_PROVIDED INFORMATION:_
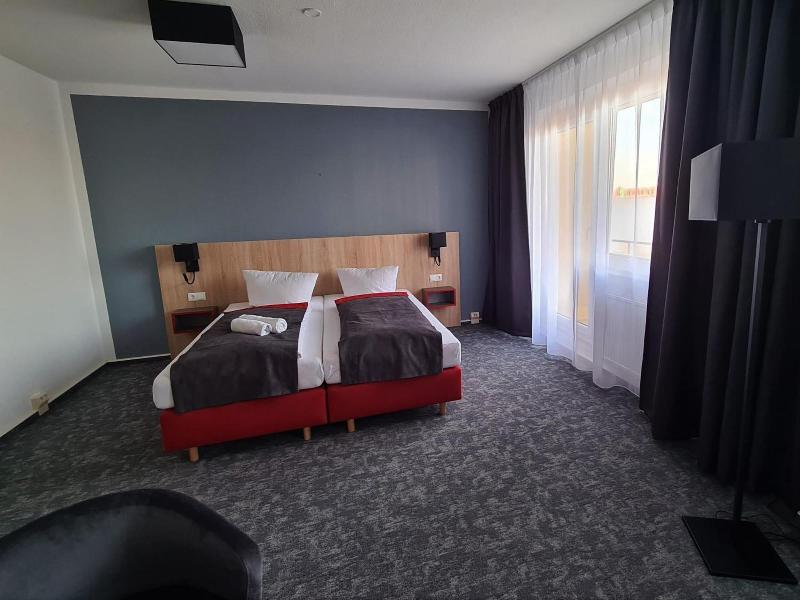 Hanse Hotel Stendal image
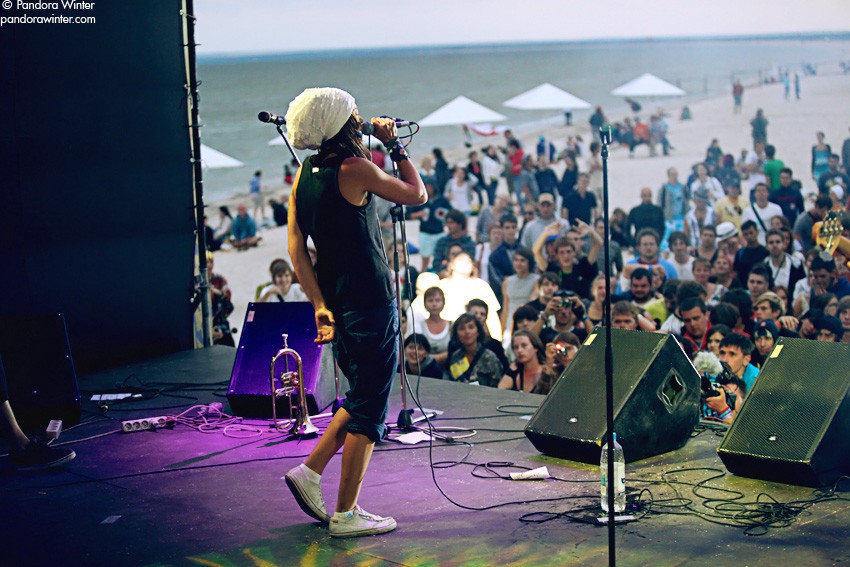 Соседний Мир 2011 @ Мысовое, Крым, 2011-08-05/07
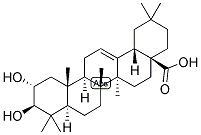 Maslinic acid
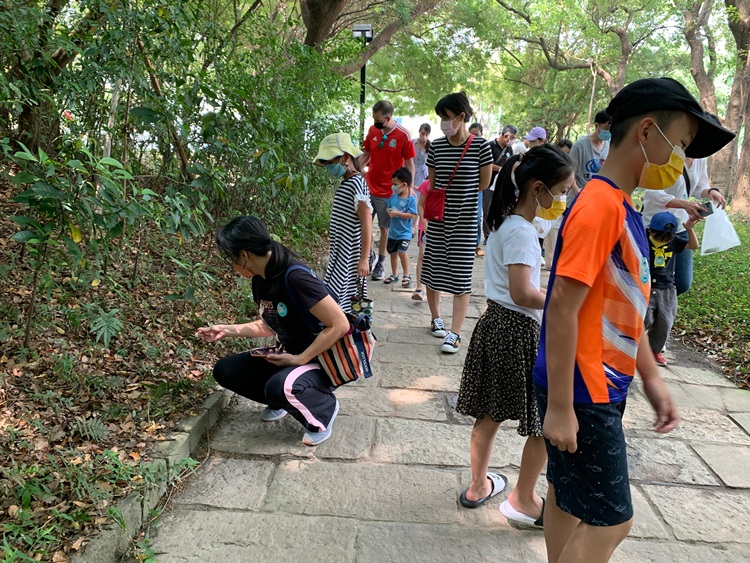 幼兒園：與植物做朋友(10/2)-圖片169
* * *
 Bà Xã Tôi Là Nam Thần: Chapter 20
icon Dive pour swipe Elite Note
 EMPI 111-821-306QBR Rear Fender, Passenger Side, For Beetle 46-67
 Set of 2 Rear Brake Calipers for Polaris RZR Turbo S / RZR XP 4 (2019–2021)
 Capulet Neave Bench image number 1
==
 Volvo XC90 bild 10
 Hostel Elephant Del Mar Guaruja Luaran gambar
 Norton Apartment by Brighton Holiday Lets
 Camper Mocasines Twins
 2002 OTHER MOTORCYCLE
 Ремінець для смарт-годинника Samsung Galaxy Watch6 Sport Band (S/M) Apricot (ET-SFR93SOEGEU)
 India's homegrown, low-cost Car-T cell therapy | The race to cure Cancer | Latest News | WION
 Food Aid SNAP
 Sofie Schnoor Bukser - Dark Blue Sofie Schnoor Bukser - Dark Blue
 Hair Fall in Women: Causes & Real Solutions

_TASK DIRECTIONS:_ Reproduce, word for word and in full, only the lines above that start at the line with "Norton Apartment by Brighton Holiday Lets" and run through the line with "Hair Fall in Women: Causes & Real Solutions", both ends included.

_WRITTEN RESPONSE:_
 Norton Apartment by Brighton Holiday Lets
 Camper Mocasines Twins
 2002 OTHER MOTORCYCLE
 Ремінець для смарт-годинника Samsung Galaxy Watch6 Sport Band (S/M) Apricot (ET-SFR93SOEGEU)
 India's homegrown, low-cost Car-T cell therapy | The race to cure Cancer | Latest News | WION
 Food Aid SNAP
 Sofie Schnoor Bukser - Dark Blue Sofie Schnoor Bukser - Dark Blue
 Hair Fall in Women: Causes & Real Solutions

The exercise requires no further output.